Tim Noakes’ revival of a 150-year-old high-fat, low-carbohydrate Harvey Banting diet has been roundly condemned by the medical establishment. The controversy has turned Noakes into a best-seller. It’s good PR – but is it good science?

By Nechama Brodie

This is what happens on a low-carb, high-fat diet. First, you cut carbs and sugar. There are no complicated food charts or reading labels. You just skip bread and chips and pasta and sodas and pizza. This alone should reduce your daily kilojoule intake by as much as 20 percent.

The increased amount of protein may suppress your appetite further, making you feel full quicker, and will trigger a couple of other recalibrations.

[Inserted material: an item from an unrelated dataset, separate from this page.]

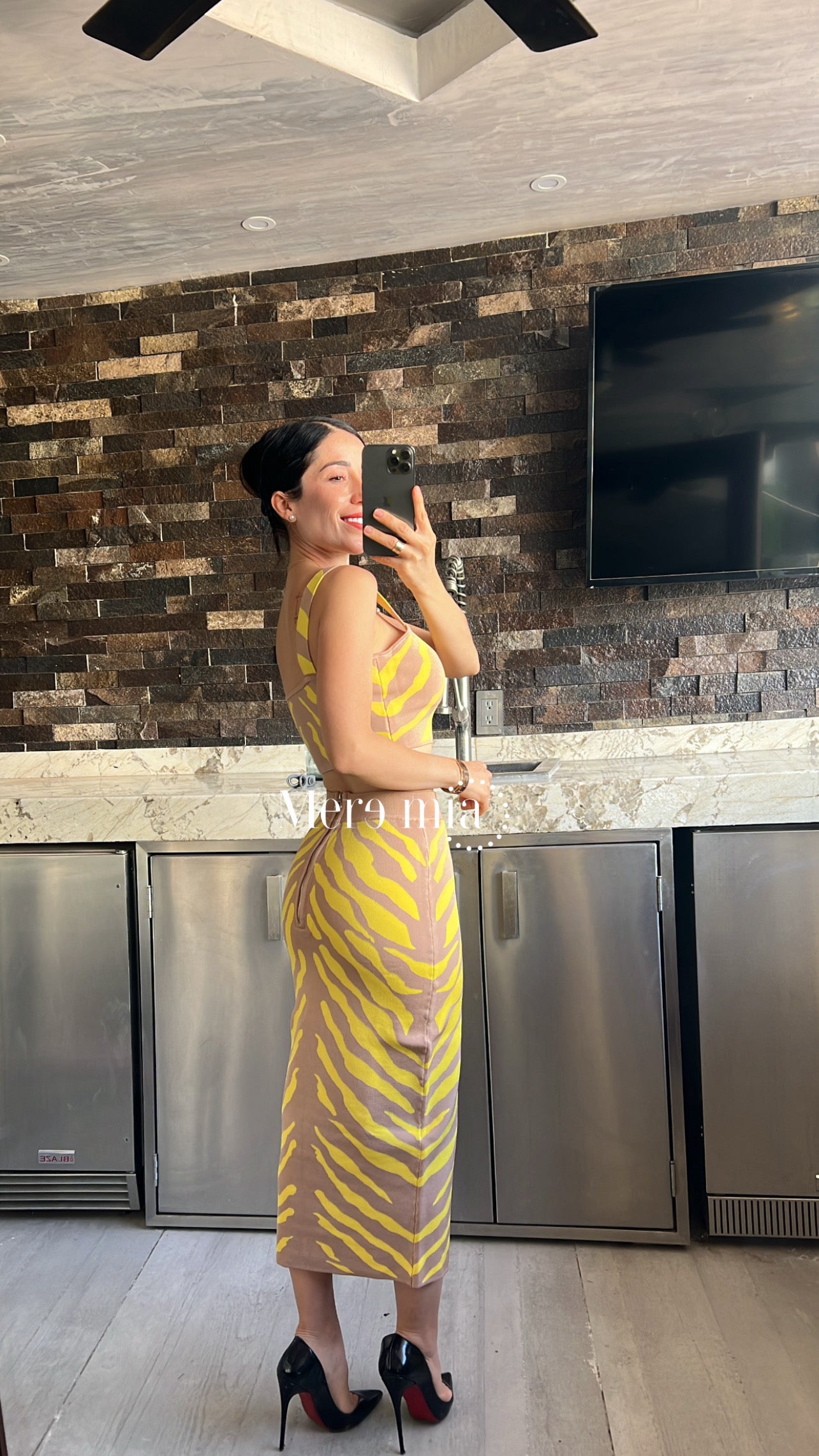 Conjunto amarillo beige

You get constipated. Your breath might start to stink.

Dropping carbs forces your body to look for alternative sources of energy – instead of glucose, it targets the glycogen stored in your liver and your muscles. This process makes you lose weight. You may also look and feel less bloated.

At the same time your liver starts breaking down stored fatty acids, producing a by-product known as ketone bodies. Ketosis (the formation of ketones – which are partly responsible for the bad breath) can also act as an appetite suppressant. Your kidneys flush out the high level of ketones in your urine.

Under these conditions it’s possible to lose several kilograms in a matter of days.

So far most of your weight loss is accounted for by body water – what doctors call “diet-induced diuresis”. You’ve peed it out.

Water loss peaks in the first week. Depending on the shape you were in when you started, if you continue to cut out all carbs and focus only on protein and fat (and providing your total energy intake stays below the amount you use) you’ll probably keep on losing weight without much effort – or without ever really feeling hungry.

This is a revelation.

Unlocking your secret body makes you feel like you’ve won something; the lottery and a tax refund and a bequest from a wealthy uncle all at the same time, like those dodgy emails.

Although everyone knows those things are too good to be true, right?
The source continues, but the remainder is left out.